With the pictures omitted, set down exactly the lines from the one that contains "Aziz91499781's tweet photo." through the last line of the data.

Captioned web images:
━━━━━━━━━━━━━━━━━━━━

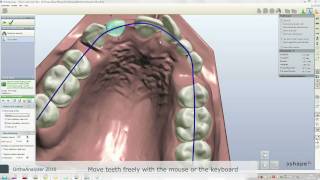 3Shape Orthodontics 2010 Video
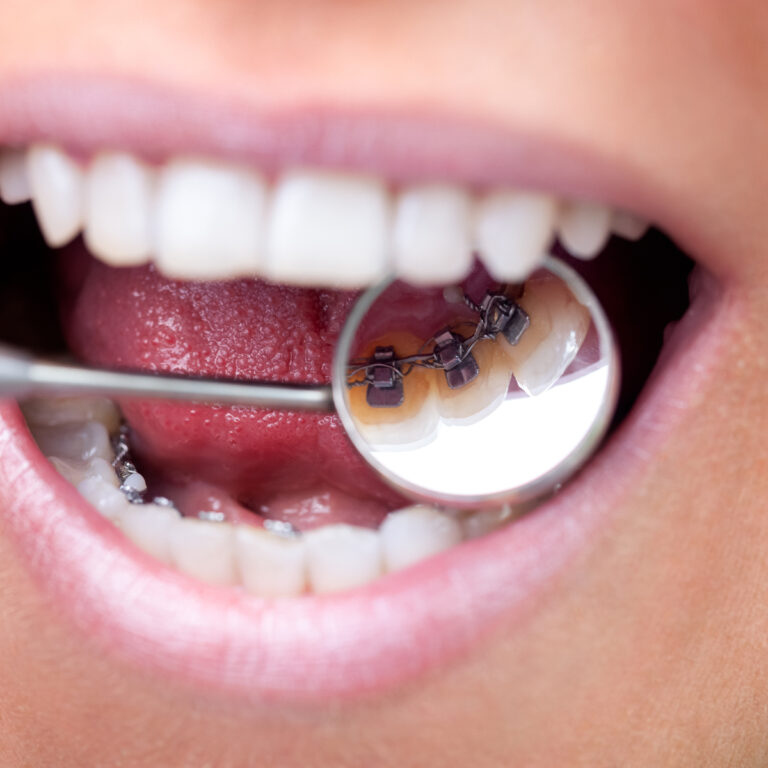 Closeup Of Lingual Braces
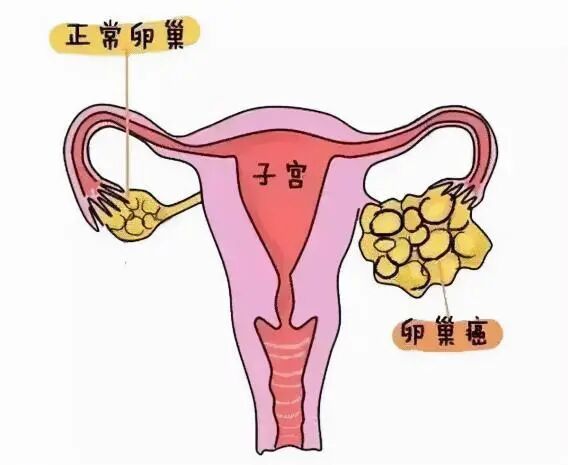 什么是结扎速血管闭合女子腹胀、腹痛以为是胃肠道不适，结果是卵巢癌！市二多学科合力诊治→_https://www.jmylbn.com_新闻资讯_第4张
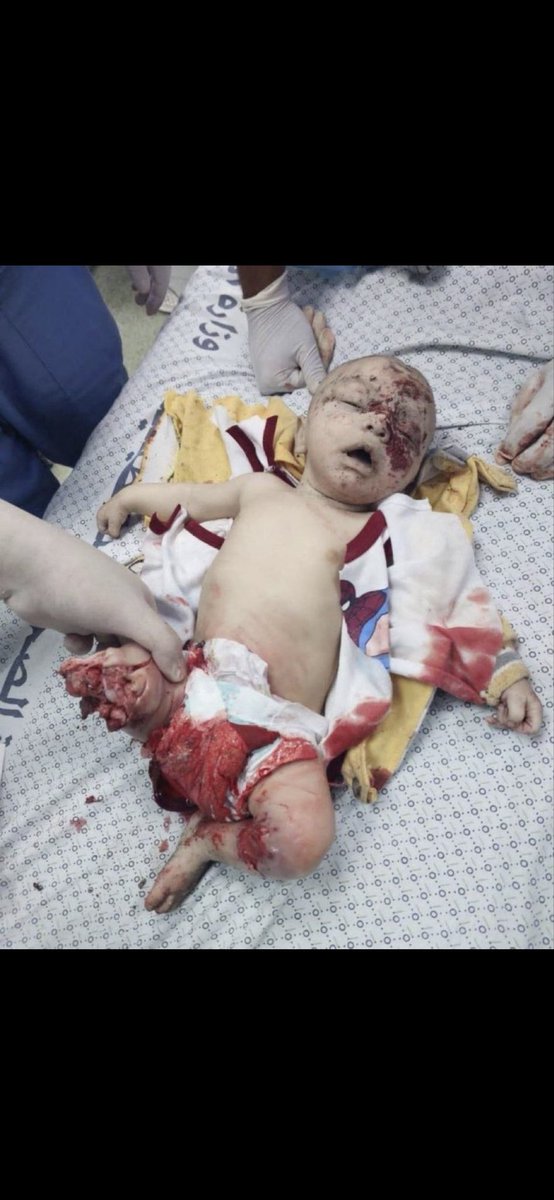 Aziz91499781's tweet photo. @AFRICANDEMOC Israel killing babies !!! https://t.co/nuNY58AfXt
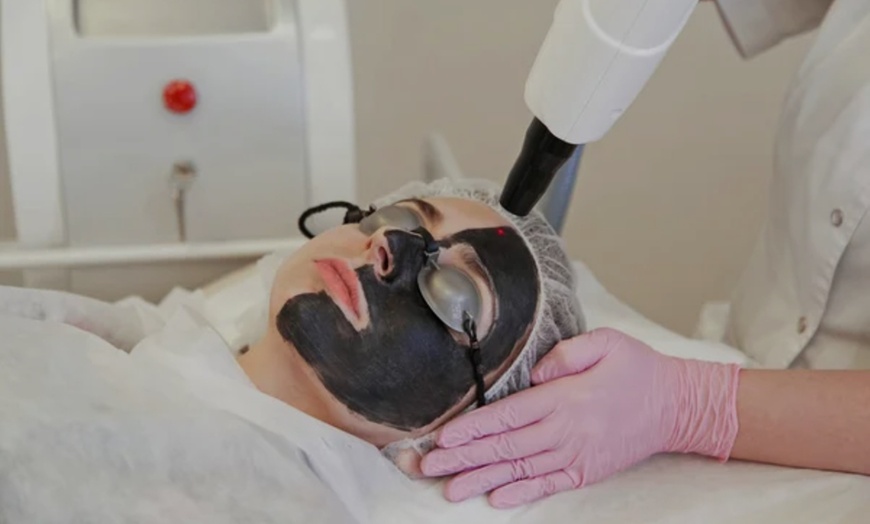 Image 3: Soin du visage lifting coréen au fil de soie sur 1 ou 2 zones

━━━━━━━━━━━━━━━━━━━━

> Written solution
 Aziz91499781's tweet photo. @AFRICANDEMOC Israel killing babies !!! https://t.co/nuNY58AfXt
 Image 3: Soin du visage lifting coréen au fil de soie sur 1 ou 2 zones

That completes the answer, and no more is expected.